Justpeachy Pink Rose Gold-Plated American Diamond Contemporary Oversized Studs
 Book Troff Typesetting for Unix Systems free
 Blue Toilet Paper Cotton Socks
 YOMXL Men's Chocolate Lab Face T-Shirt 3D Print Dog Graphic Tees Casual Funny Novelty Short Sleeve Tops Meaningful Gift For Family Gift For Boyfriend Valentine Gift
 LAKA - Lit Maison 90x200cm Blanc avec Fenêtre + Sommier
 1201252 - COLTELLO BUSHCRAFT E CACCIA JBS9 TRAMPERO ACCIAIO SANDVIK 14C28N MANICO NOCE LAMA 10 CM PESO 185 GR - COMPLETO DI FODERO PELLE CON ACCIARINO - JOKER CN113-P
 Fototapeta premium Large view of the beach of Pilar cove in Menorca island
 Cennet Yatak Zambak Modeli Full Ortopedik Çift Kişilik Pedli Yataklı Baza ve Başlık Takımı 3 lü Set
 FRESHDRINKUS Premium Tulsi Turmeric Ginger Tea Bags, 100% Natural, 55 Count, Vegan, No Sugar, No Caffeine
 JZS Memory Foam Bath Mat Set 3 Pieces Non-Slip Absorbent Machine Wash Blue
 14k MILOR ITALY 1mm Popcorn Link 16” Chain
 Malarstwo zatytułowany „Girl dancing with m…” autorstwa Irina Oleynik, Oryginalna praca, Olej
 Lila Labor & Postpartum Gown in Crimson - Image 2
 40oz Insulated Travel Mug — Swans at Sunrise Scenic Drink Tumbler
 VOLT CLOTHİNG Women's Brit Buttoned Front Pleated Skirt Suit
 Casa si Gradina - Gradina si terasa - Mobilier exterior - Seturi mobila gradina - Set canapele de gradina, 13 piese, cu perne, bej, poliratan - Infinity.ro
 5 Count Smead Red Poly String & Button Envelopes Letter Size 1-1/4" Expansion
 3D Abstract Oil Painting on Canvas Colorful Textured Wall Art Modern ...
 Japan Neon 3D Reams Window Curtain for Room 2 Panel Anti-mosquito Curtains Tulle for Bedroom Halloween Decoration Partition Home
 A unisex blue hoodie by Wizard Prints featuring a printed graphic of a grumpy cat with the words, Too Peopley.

* * *

- [Task directions]
Verbatim output is expected for the lines from the start of the data to the line in which "14k MILOR ITALY" appears, both included.

- [Result of this exercise]
Justpeachy Pink Rose Gold-Plated American Diamond Contemporary Oversized Studs
 Book Troff Typesetting for Unix Systems free
 Blue Toilet Paper Cotton Socks
 YOMXL Men's Chocolate Lab Face T-Shirt 3D Print Dog Graphic Tees Casual Funny Novelty Short Sleeve Tops Meaningful Gift For Family Gift For Boyfriend Valentine Gift
 LAKA - Lit Maison 90x200cm Blanc avec Fenêtre + Sommier
 1201252 - COLTELLO BUSHCRAFT E CACCIA JBS9 TRAMPERO ACCIAIO SANDVIK 14C28N MANICO NOCE LAMA 10 CM PESO 185 GR - COMPLETO DI FODERO PELLE CON ACCIARINO - JOKER CN113-P
 Fototapeta premium Large view of the beach of Pilar cove in Menorca island
 Cennet Yatak Zambak Modeli Full Ortopedik Çift Kişilik Pedli Yataklı Baza ve Başlık Takımı 3 lü Set
 FRESHDRINKUS Premium Tulsi Turmeric Ginger Tea Bags, 100% Natural, 55 Count, Vegan, No Sugar, No Caffeine
 JZS Memory Foam Bath Mat Set 3 Pieces Non-Slip Absorbent Machine Wash Blue
 14k MILOR ITALY 1mm Popcorn Link 16” Chain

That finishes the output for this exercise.